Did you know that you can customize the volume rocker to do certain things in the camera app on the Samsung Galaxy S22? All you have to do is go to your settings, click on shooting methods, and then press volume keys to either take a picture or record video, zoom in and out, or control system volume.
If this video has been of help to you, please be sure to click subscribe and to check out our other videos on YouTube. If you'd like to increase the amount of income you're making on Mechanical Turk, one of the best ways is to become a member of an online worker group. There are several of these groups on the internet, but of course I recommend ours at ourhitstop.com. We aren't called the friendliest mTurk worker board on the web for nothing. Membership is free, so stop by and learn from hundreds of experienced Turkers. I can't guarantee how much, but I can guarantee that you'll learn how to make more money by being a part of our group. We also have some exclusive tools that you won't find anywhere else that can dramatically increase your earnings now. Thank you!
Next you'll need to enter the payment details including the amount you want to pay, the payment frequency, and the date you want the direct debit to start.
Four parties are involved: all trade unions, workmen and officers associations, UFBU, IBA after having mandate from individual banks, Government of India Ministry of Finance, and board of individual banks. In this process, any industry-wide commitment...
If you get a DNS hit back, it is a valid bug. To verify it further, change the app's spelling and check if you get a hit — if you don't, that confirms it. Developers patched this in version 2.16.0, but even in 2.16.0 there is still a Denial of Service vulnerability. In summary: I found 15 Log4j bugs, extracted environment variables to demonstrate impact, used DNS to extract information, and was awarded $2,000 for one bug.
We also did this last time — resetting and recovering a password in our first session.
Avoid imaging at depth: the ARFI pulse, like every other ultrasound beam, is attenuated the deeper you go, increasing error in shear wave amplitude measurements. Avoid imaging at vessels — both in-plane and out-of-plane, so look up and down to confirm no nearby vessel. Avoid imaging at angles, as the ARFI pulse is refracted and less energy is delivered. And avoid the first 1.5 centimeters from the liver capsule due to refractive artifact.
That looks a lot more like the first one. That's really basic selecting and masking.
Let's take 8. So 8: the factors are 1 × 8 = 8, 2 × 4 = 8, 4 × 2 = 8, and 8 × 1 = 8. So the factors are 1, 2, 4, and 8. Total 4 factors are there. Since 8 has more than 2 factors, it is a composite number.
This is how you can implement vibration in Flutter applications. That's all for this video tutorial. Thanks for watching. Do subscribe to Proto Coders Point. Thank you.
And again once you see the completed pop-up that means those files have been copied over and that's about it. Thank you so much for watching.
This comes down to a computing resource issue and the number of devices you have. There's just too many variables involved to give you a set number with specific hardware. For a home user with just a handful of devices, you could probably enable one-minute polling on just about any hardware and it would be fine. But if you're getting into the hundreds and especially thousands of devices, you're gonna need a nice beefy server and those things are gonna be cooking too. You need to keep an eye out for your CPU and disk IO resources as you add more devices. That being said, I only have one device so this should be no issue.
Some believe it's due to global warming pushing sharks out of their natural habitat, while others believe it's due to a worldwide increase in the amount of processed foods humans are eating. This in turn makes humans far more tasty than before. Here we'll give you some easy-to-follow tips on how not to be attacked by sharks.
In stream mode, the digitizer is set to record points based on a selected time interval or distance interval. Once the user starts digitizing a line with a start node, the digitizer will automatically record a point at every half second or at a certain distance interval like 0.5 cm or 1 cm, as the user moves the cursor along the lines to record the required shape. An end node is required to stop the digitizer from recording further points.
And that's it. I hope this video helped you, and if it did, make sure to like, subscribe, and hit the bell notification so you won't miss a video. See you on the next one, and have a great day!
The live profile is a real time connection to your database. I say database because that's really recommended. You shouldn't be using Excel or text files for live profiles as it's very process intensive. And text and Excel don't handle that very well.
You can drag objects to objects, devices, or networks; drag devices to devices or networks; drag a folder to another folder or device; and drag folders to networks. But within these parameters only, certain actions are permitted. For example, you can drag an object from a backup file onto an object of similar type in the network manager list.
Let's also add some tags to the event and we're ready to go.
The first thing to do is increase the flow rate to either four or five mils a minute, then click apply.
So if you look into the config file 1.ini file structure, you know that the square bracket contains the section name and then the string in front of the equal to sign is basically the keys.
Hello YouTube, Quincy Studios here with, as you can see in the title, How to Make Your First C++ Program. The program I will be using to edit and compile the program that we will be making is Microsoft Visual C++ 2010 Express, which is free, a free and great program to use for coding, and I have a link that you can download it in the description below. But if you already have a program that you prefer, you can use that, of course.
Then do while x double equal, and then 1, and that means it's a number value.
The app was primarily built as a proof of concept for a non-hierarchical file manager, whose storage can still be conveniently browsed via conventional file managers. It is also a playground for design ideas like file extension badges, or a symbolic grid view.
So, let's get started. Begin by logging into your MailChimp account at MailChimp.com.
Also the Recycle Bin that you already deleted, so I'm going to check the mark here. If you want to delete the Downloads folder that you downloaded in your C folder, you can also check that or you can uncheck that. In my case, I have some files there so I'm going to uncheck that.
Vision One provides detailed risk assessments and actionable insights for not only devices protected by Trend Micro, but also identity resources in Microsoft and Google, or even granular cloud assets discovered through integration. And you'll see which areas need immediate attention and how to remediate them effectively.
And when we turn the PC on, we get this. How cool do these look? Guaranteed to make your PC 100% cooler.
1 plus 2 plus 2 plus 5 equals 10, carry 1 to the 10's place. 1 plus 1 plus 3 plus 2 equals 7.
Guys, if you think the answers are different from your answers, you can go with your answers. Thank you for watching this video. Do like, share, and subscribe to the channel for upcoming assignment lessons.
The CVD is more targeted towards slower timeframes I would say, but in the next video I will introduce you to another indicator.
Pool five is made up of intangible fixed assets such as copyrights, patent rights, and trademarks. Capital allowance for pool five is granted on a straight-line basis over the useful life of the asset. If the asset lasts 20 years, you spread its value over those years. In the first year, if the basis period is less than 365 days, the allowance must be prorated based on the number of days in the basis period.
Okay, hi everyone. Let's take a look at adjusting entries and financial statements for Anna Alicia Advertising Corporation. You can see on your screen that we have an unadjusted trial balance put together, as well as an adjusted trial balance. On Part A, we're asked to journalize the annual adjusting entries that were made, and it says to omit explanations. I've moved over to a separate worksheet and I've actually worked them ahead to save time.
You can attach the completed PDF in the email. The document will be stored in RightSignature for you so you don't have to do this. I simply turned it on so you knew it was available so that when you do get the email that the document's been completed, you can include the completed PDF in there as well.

__________

Could you please find every line of the listing above holding the string "means" and copy it?

And again once you see the completed pop-up that means those files have been copied over and that's about it. Thank you so much for watching.
Then do while x double equal, and then 1, and that means it's a number value.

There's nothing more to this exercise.